Exercise: What you return must match, exactly, the lines running from the one containing "Старая зимовка. Повести" to the end of the data, both included, and must contain no pictures.

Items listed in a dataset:
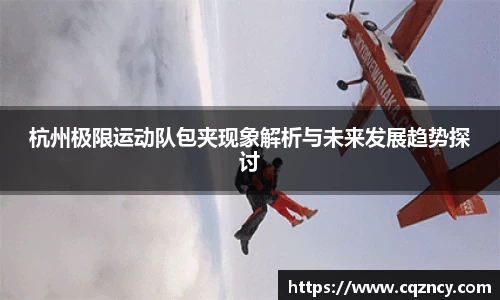 杭州极限运动队包夹现象解析与未来发展趋势探讨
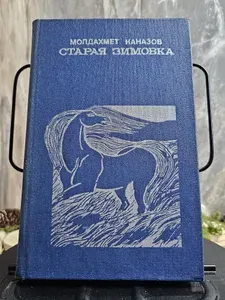 Старая зимовка. Повести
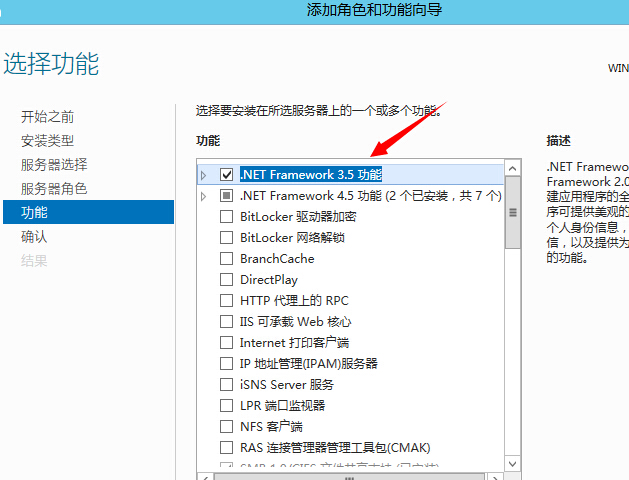 手把手教你搭建 SQL Server AlwaysOn 图文详解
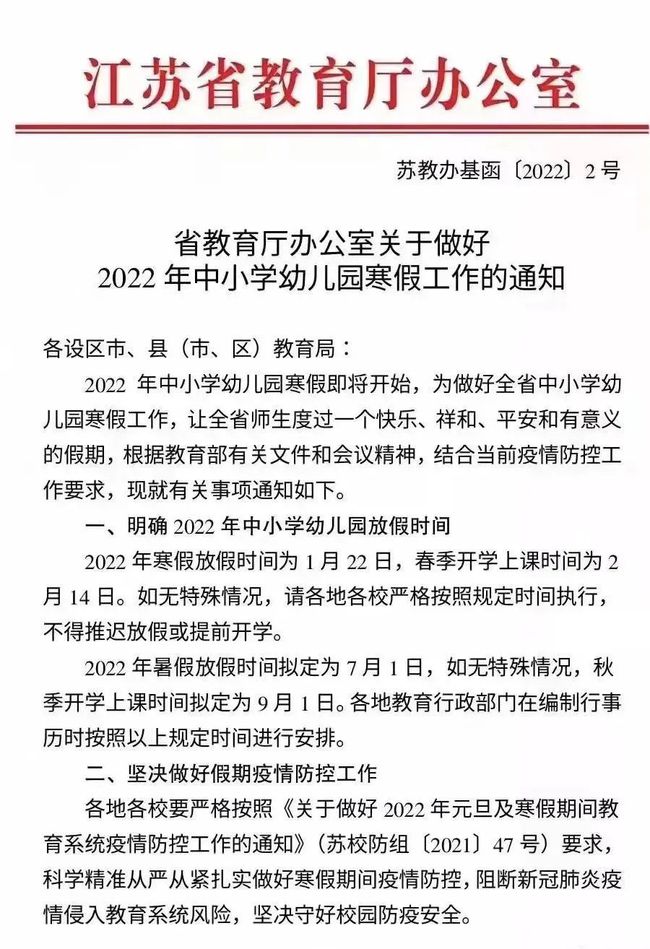 教育厅寒假通知，优化教育安排，保障学生权益与健康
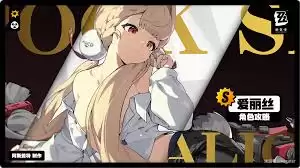 绝区零中爱丽丝的cv是谁-绝区零爱丽丝cv是哪一位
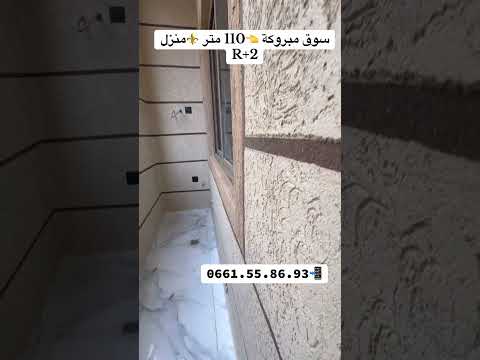 شقة in مكناس - 3 bedrooms - 100m² - 5.200.000 د.م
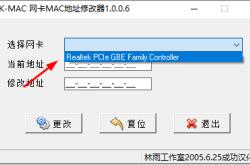 mac地址修改器：安全便捷修改MAC地址，解决网络连接与隐私保护问题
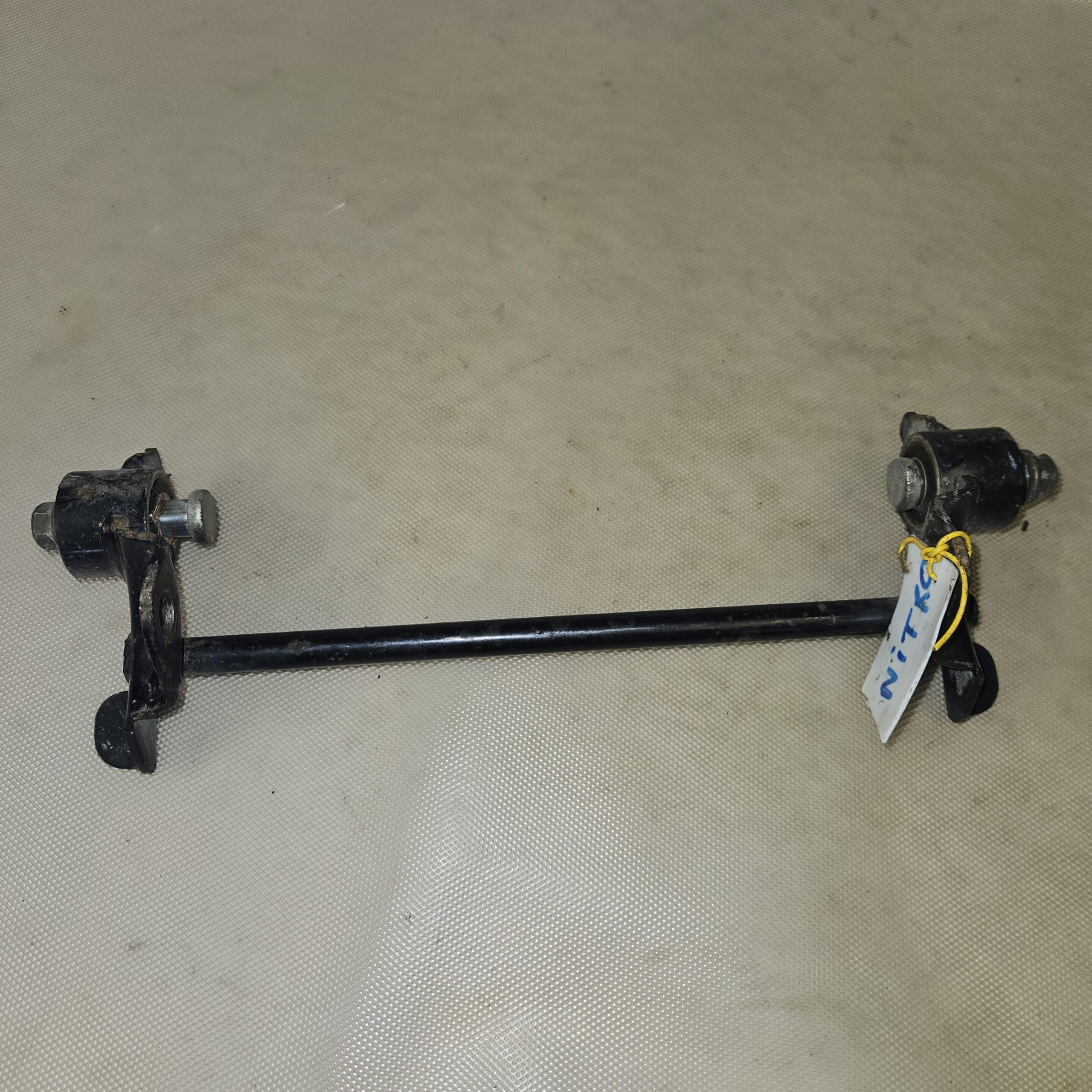 Balancier support moteur d’occasion MBK Nitro 50 / Yamaha Aerox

Exercise response:
 Старая зимовка. Повести
 手把手教你搭建 SQL Server AlwaysOn 图文详解
 教育厅寒假通知，优化教育安排，保障学生权益与健康
 绝区零中爱丽丝的cv是谁-绝区零爱丽丝cv是哪一位
 شقة in مكناس - 3 bedrooms - 100m² - 5.200.000 د.م
 mac地址修改器：安全便捷修改MAC地址，解决网络连接与隐私保护问题
 Balancier support moteur d’occasion MBK Nitro 50 / Yamaha Aerox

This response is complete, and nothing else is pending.